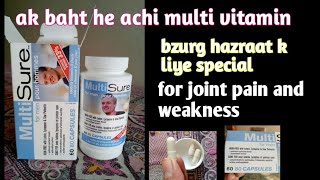 Multi sure multivitamin review does it work price too expensive [upl. by Kearney]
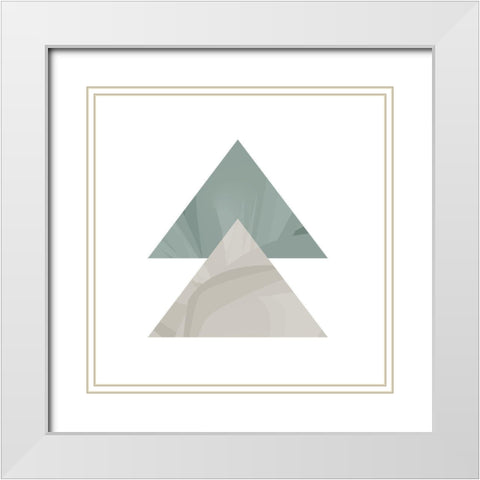 Mountains 1 White Modern Wood Framed Art Print with Double Matting by Kimberly, Allen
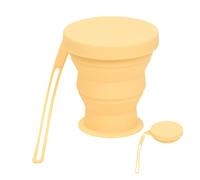 Moreeulsi Vasos plegables para viajar, 200 ml, portátil, de silicona, a prueba de fugas, aislamiento térmico para camping, senderismo, avión, estudio, picnic, gimnasio, uso diario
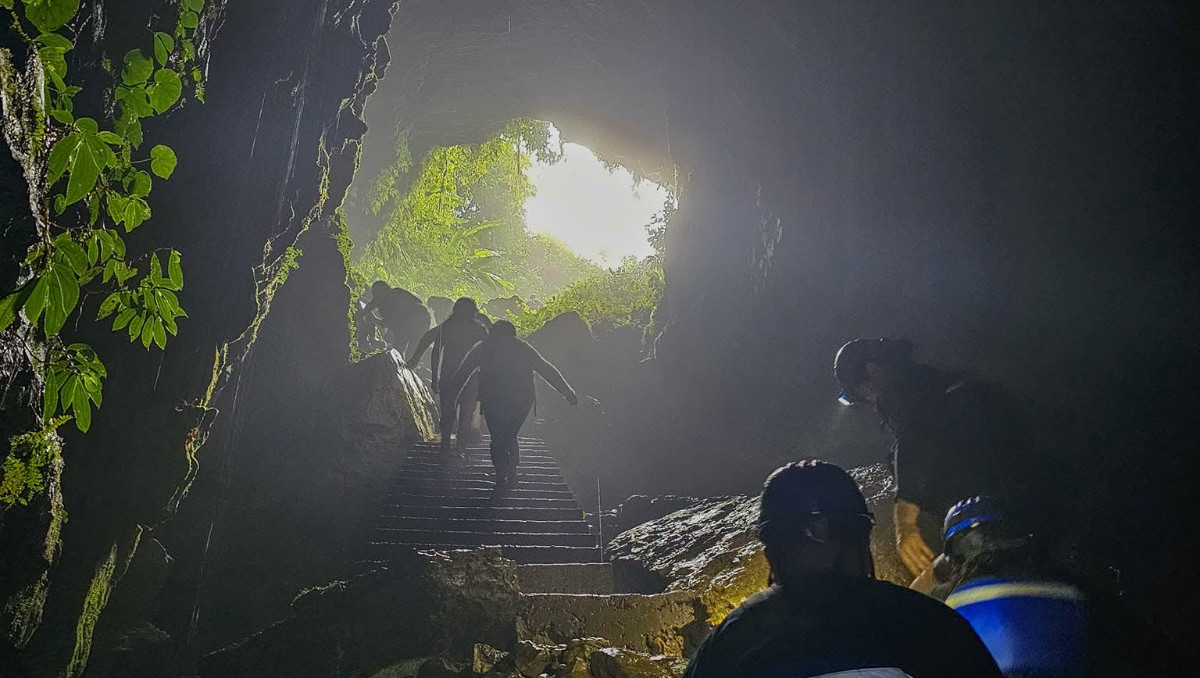 Grutas de Cuetzalan: Turistas quedan atrapados tras intensas lluvias en Puebla | Cortesía Hola Cuetzalan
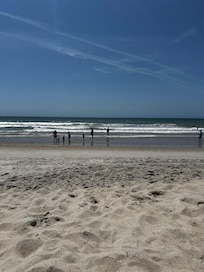 The beach is a hop skip & a jump away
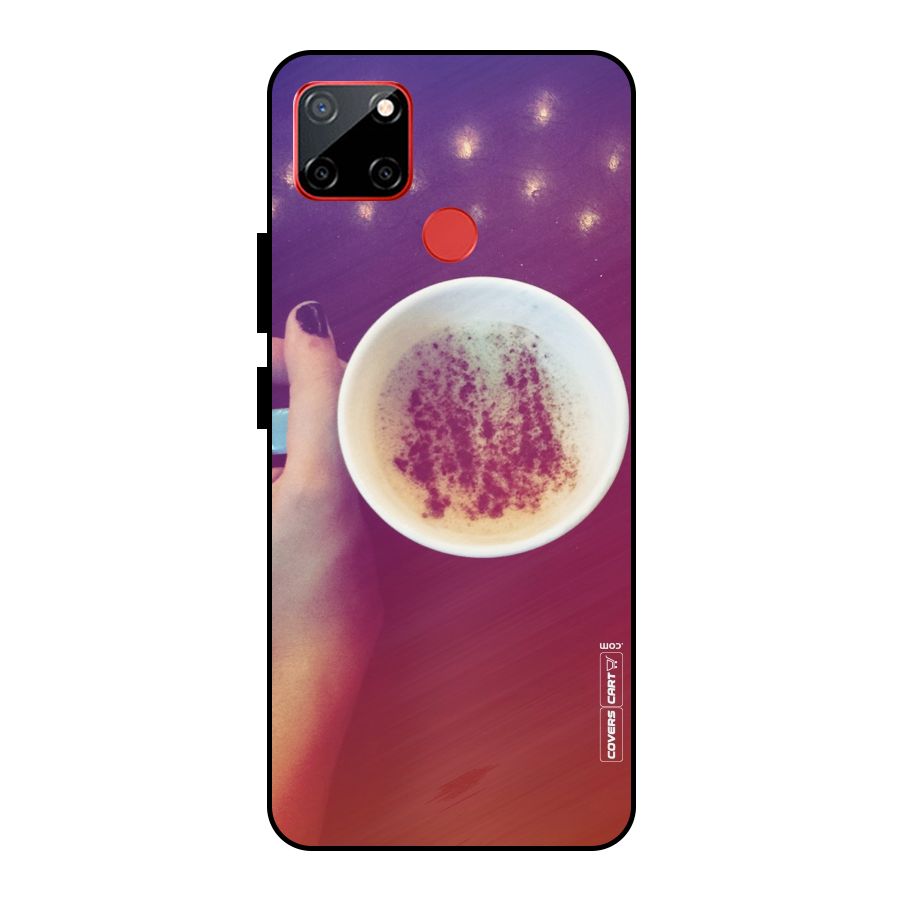 Bokeh Coffee Mug Metal Back Case for Realme C12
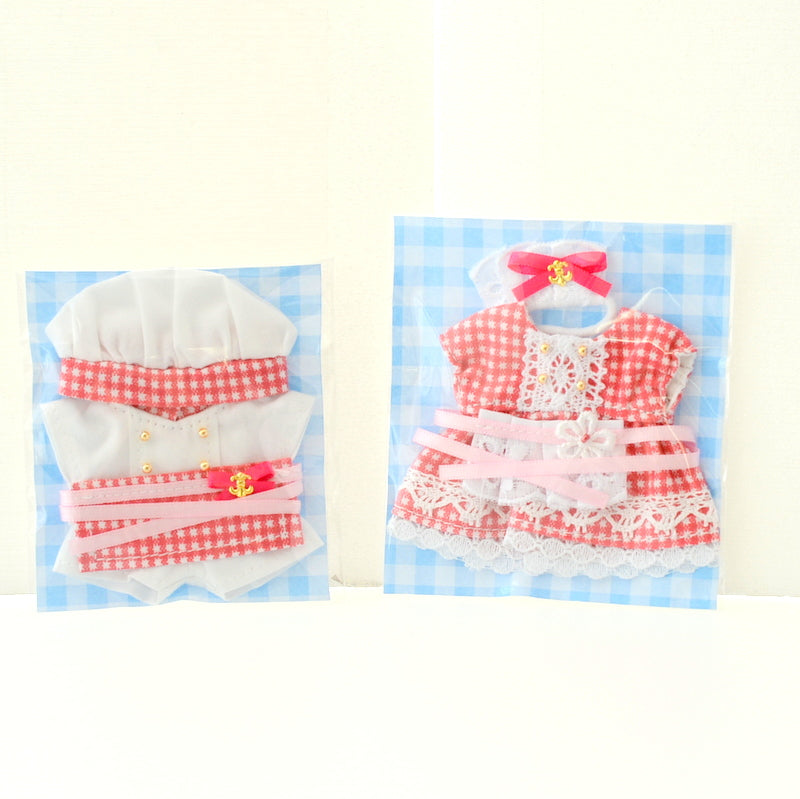 HANDMADE BAKERY UNIFORM RED COOK Japan Sylvanian Families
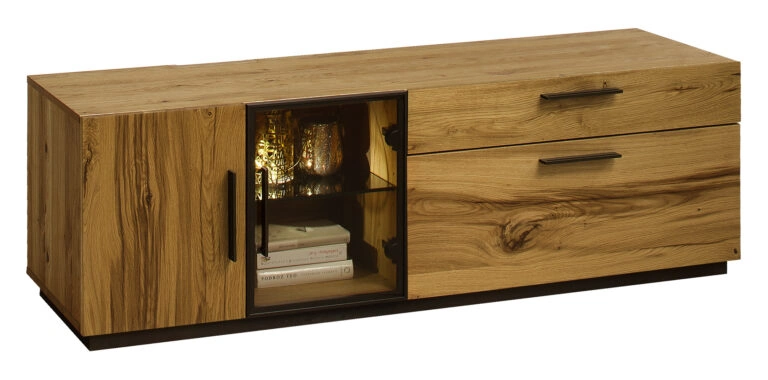 Moreno TV Stand Left Natural Oak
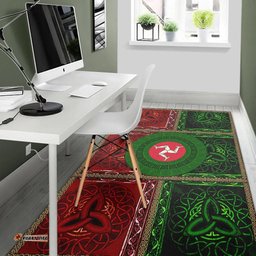 VibeHoodie Area Rug Isle Of Man Circle Celtic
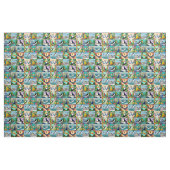 Vogels Patchwork Patroon Stof (Yard (91,4 cm))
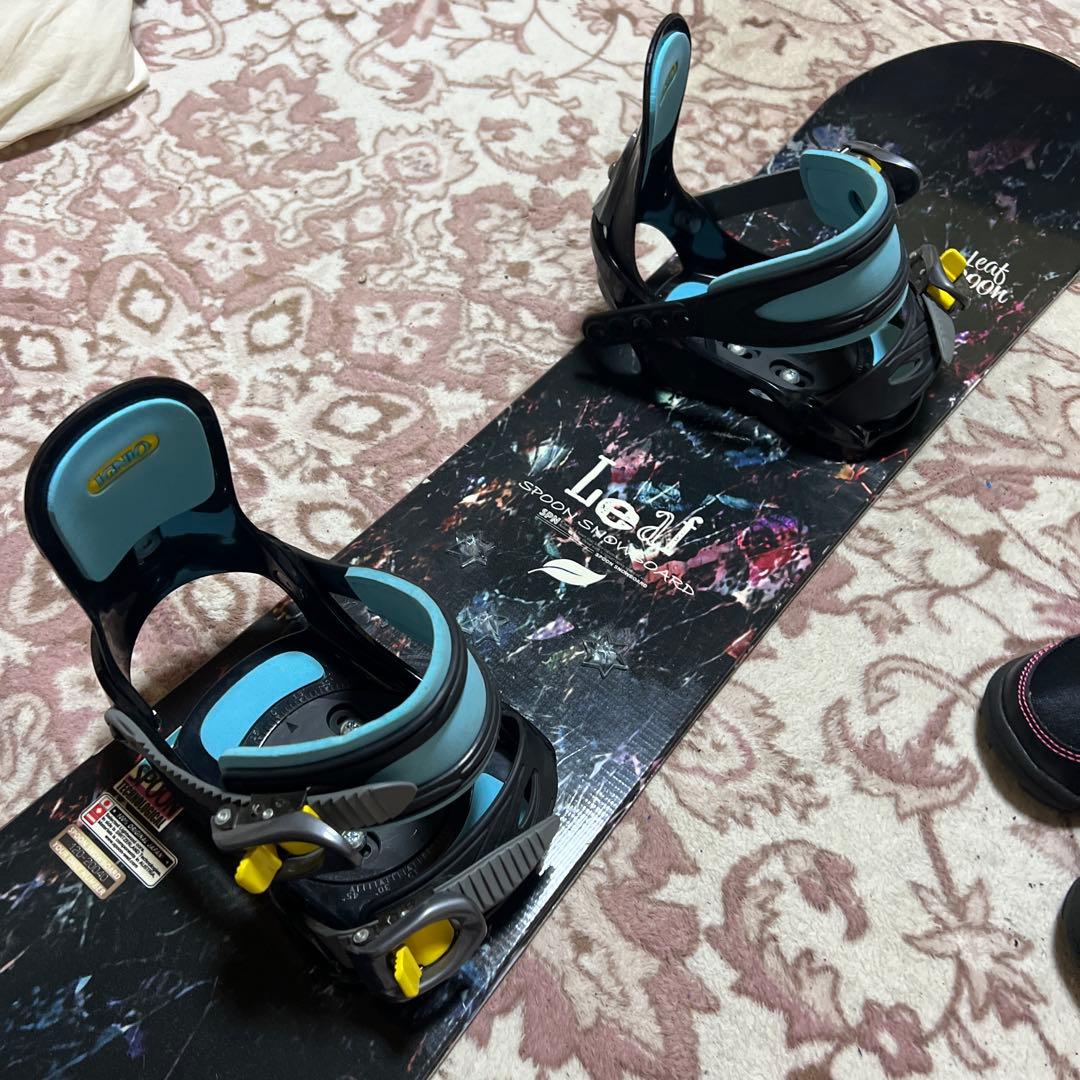 美品 子供用スノーボード 120cm ブーツ 21cm 3点セット 22-23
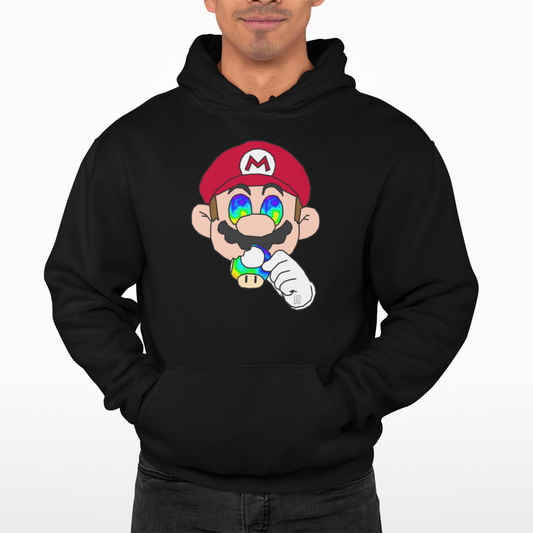 High Plumber Hoodie - Cool Gamer Funny Retro Game Comic Arcade Movie TV Nerd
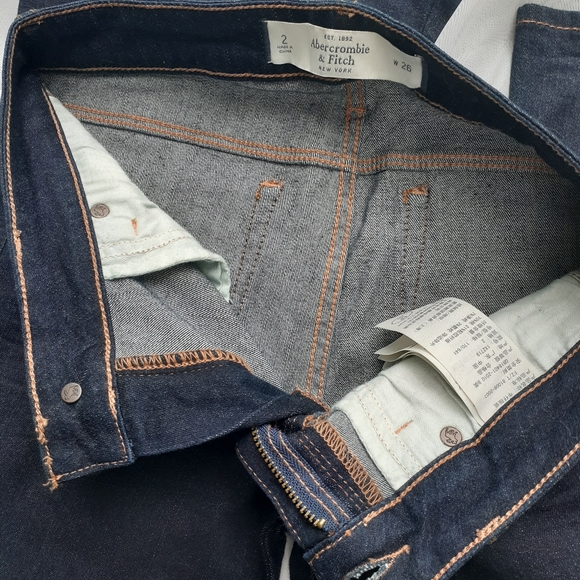 vintage y2k abercrombie dark wash bell bottoms - Picture 6 of 13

******************************

# [TASK REQUIREMENTS]
Leaving out only the pictures, reproduce the listing exactly.

# [ANSWER SPACE]
 Multi sure multivitamin review does it work price too expensive [upl. by Kearney]
 Mountains 1 White Modern Wood Framed Art Print with Double Matting by Kimberly, Allen
 Moreeulsi Vasos plegables para viajar, 200 ml, portátil, de silicona, a prueba de fugas, aislamiento térmico para camping, senderismo, avión, estudio, picnic, gimnasio, uso diario
 Grutas de Cuetzalan: Turistas quedan atrapados tras intensas lluvias en Puebla | Cortesía Hola Cuetzalan
 The beach is a hop skip & a jump away
 Bokeh Coffee Mug Metal Back Case for Realme C12
 HANDMADE BAKERY UNIFORM RED COOK Japan Sylvanian Families
 Moreno TV Stand Left Natural Oak
 VibeHoodie Area Rug Isle Of Man Circle Celtic
 Vogels Patchwork Patroon Stof (Yard (91,4 cm))
 美品 子供用スノーボード 120cm ブーツ 21cm 3点セット 22-23
 High Plumber Hoodie - Cool Gamer Funny Retro Game Comic Arcade Movie TV Nerd
 vintage y2k abercrombie dark wash bell bottoms - Picture 6 of 13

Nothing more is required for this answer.